'Deixei de ser freira e me descobri lésbica. Deus quer nossa felicidade'
"Sou de uma família humilde. Meus pais, que faleceram há oito anos, tiveram 22 filhos. Desses, não sobreviveram todos. Eles tinham a fé deles, mas não eram de frequentar a igreja. Eu ia desde pequena. Quando eu tinha mais ou menos 12 anos, houve uma missão vocacional das irmãs na minha cidade natal, Terra Roxa, no interior de São Paulo. É uma pequena cidade vizinha de Bebedouro, onde vivo hoje. Eu senti aquele desejo de servir como elas.
Foi quando conheci a congregação bebedourense das Irmãzinhas Pobres de São Pedro Claver, do Lar do Idoso do município. O que eu ouvia de todo mundo é que eu não servia para ser freira. Eu não tive apoio, de início, nem da minha família. Mas não me arrependo de nada. Só sinto felicidade.
Fiz o aspirantado no Brasil e depois fui para Roma fazer o postulado e o noviciado. Me tornei freira. Lembro como se fosse hoje que só contei para os meus pais quando a passagem já estava comprada. De lá fui para Madri, onde permaneci por anos. Passei também por Verdú, perto de Barcelona, e pela Colômbia. Trabalhei em hospitais geriátricos e orfanatos em outros países, conheci modos de vida diferentes dos nossos aqui no Brasil.

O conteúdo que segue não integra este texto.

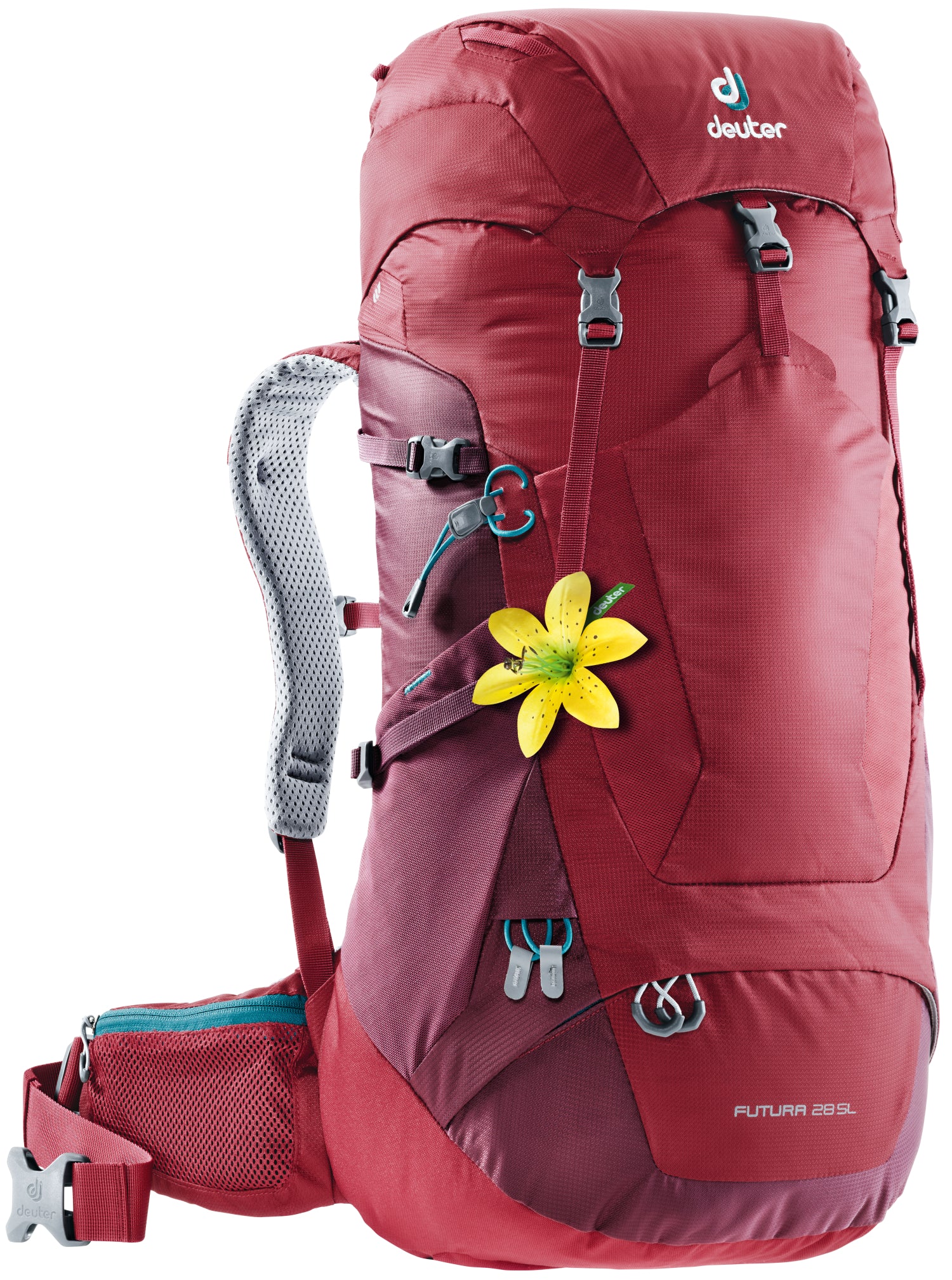 Cranberry/Maroon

'Achei que seria expulsa por causa de uma colega'
Eu era muito feliz dentro do convento. Gostava do que eu fazia. Eu não queria sair, na verdade. Mas houve um acontecimento e me senti obrigada, porque fiquei com medo.
Todo ano a gente tinha de escrever uma carta para a congregação falando que a gente estava feliz e que queria continuar. Essa colega disse para mim que iria mandar uma carta dizendo que eu estava infeliz lá. Foi isso que me levou a sair do convento.
A pessoa que me disse aquilo não se encontra mais na congregação, foi expulsa. E quando fui contar para a madre ela disse que eu não deveria ter saído. Era uma irmã, colega de serviço.
Hoje eu entendo tudo. Estando aqui fora, acho que ela também era lésbica e foi motivada por isso.
Ela só queria que eu ficasse sempre perto dela, que eu comesse com ela, mas até então, para mim, era tudo normal. Desde criança, eu achava as mulheres bonitas, mas eu não entendia o que acontecia. Assim que eu saí do convento, conheci uma pessoa. Foi o primeiro homem da minha vida. Ficamos um tempo namorando, mas daí tive a certeza de que não era aquilo o que eu queria.
Só há cinco anos eu tive minha primeira experiência com uma mulher. Fui noiva durante três anos.
Na minha cidade, ainda ouço de muitas pessoas que sou pecadora. Que devo ter sofrido alguma decepção amorosa. Minha orientação sexual é algo de que eu tenho certeza e que me faz feliz. A minha família não aceita.
Tenho dois irmãos que declaradamente não aceitam minha sexualidade, mas que não me tratam mal. A vontade da minha família é que eu volte com meu ex. Mas eu jamais faria isso. Quero viver a minha felicidade.
Não me importo com isso. O único que nos julga é Deus e ele quer a nossa felicidade.
O mundo seria muito melhor se as pessoas realmente saíssem do armário e assumissem o que elas querem. Não aceito muitas coisas da Igreja Católica, mas minha fé continua firme e forte.
'Venci um câncer de mama e hoje crio meu sobrinho'
Tenho muita fé em Nossa Senhora Aparecida. Não perdi a fé em Deus. Passei por um câncer maligno há cinco anos. Não era para eu estar aqui nesse mundo hoje.
Passei por duas cirurgias. Não precisei fazer a quimioterapia, só radio. Eu fui curada. Mas eu dobrei meus joelhos no chão e pedi para Nossa Senhora, porque tenho meu sobrinho para cuidar. Tenho a guarda definitiva dele, porque os pais cederam por estarem envolvidos com drogas.
Eram meus pais que cuidavam dele e eu ajudava com tudo o que eles precisavam. Ia atrás de tudo. Com o falecimento deles, o menino ficou comigo. Paulo Henrique está hoje com 15 anos e é o amor da minha vida.
O meu intuito é crescer na vida! Terminar o curso de necropsia que estou fazendo, ser uma tradutora, já que eu falo dois idiomas, conhecer coisas novas, lugares novos e viver experiências novas. Também vou me mudar para Ribeirão Preto, em breve. Quero crescer materialmente e espiritualmente."